▸ **Task details**
Your task is to copy each line of the listing that contains the word "pour".

▸ **The data**
• • • • •
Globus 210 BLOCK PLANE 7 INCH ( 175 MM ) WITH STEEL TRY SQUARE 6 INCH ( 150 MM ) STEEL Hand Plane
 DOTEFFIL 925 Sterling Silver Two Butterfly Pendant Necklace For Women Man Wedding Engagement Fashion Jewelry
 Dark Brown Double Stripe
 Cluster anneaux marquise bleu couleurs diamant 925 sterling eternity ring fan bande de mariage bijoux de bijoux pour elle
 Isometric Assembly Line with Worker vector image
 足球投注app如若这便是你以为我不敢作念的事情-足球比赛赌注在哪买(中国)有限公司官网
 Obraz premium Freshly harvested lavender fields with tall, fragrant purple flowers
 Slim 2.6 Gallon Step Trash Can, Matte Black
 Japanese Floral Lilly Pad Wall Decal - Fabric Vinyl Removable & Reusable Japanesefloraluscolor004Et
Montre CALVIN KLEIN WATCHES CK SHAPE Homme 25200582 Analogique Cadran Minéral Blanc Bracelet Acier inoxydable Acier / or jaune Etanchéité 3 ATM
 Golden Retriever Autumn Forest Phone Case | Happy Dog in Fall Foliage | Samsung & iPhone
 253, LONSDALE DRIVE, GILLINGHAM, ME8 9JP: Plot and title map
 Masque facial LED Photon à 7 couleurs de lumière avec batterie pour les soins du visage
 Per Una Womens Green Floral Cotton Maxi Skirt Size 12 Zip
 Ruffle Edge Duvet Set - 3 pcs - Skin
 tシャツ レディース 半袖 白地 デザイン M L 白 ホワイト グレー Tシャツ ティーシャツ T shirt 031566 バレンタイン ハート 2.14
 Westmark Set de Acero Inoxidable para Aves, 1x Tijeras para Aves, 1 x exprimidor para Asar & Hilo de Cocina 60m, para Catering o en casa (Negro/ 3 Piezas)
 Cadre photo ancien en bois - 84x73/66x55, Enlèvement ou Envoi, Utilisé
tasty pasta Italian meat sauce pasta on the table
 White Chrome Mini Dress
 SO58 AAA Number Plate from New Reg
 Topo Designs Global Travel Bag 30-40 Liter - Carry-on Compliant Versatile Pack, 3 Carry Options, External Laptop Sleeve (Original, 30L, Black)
• • • • •
▸ **Response box**
 Cluster anneaux marquise bleu couleurs diamant 925 sterling eternity ring fan bande de mariage bijoux de bijoux pour elle
 Masque facial LED Photon à 7 couleurs de lumière avec batterie pour les soins du visage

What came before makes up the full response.